The plot is radically different from a conventional Poirot story. It’s rather episodic and some of the episodes allow Poirot to function in his usual crime-solving manner but the main story involves no actual mystery. The structure is that of a pure thriller rather than of a detective story.

And Christie is not afraid to throw in the kinds of touches that you would find in the most outrageous thrillers of that era. One member of the Big Four is a brilliant mad scientist who has developed a kind of death ray based on concentrated radio waves, and is on the verge of discovering the atom bomb.

All this is a very long way indeed from the cases that we are accustomed to see Poirot involved in. The plot is outlandish, and the methods Poirot employs in his battle against the Big Four are just as outlandish. The overall feel is very similar to the kind of breathless excitement that one expects in a very pulpy thriller of that era. Poirot and Hastings have narrow escapes from certain death, and the villains resort to the kind of outrageously melodramatic evil that is bizarrely different from the kinds of crime that Poirot generally deals with.

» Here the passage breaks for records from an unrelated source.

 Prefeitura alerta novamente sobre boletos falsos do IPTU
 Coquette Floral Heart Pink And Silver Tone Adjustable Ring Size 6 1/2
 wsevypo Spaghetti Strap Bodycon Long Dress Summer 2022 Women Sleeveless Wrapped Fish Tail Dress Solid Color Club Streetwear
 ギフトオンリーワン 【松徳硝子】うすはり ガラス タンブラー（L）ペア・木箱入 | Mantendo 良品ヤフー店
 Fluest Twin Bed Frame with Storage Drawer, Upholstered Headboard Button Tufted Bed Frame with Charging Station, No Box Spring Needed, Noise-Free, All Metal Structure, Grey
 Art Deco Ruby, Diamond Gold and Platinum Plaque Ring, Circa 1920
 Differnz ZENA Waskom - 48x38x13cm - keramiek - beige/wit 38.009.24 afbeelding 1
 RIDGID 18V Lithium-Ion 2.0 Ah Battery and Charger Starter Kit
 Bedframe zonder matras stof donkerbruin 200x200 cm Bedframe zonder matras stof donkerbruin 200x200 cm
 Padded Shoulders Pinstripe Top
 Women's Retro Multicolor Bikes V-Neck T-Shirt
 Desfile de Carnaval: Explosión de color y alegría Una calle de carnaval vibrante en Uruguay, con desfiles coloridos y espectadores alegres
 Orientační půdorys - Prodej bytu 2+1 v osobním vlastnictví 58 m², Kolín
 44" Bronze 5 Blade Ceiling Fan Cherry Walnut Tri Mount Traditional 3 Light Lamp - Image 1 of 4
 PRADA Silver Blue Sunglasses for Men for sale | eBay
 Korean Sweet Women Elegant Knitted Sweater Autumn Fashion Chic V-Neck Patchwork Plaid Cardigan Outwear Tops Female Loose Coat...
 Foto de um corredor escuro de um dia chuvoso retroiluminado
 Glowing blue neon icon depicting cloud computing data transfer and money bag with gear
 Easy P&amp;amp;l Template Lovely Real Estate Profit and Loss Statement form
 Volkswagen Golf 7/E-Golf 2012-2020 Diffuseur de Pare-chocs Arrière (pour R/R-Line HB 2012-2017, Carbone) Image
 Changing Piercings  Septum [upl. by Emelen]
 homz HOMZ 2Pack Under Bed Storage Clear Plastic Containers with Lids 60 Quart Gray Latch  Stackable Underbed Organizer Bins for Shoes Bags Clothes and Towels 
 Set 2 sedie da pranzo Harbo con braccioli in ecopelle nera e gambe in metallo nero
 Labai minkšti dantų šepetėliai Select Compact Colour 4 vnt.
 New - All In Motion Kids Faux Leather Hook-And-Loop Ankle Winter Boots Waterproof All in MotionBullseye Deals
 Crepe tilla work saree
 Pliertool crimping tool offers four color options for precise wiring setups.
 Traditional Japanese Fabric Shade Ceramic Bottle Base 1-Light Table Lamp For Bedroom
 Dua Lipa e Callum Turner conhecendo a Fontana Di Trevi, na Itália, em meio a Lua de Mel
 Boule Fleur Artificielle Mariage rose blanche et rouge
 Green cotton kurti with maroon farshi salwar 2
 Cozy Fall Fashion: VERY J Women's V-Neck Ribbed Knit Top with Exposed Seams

Fortunately Christie understands that you can’t take this kind of thing too seriously, and the whole thing has something of a tongue-in-cheek tone, especially when Christie has some fun with a certain aspect of the Sherlock Holmes stories. Christie also understands that the one thing you cannot do in this type of thriller is to give the reader enough time to start thinking seriously about the plausibility of the plot. You have to keep throwing new thrills and new horrors at the reader and you have to keep the pacing relentless.

The Big Four is not typical Christie but it is a good deal of fun. Recommended.


  1. I haven't read this particular book. I wonder if Christie was poking fun at Wallace's popular Four Just Men series. The so-called Just Men were a group of self-appointed vigilantes dedicated to bringing to justice those who were beyond the reach of the law. One of them, Gonsalez I believe it was, was something of an inventor.

  2. I think she may have also aping the Bulldog Drummond stories. Wallace, though, was certainly a considerable force in the 1920s and it isn't surprising, as you say, that she would choose to emulate him. Of course, a similar homage occurred in Partners In Crime.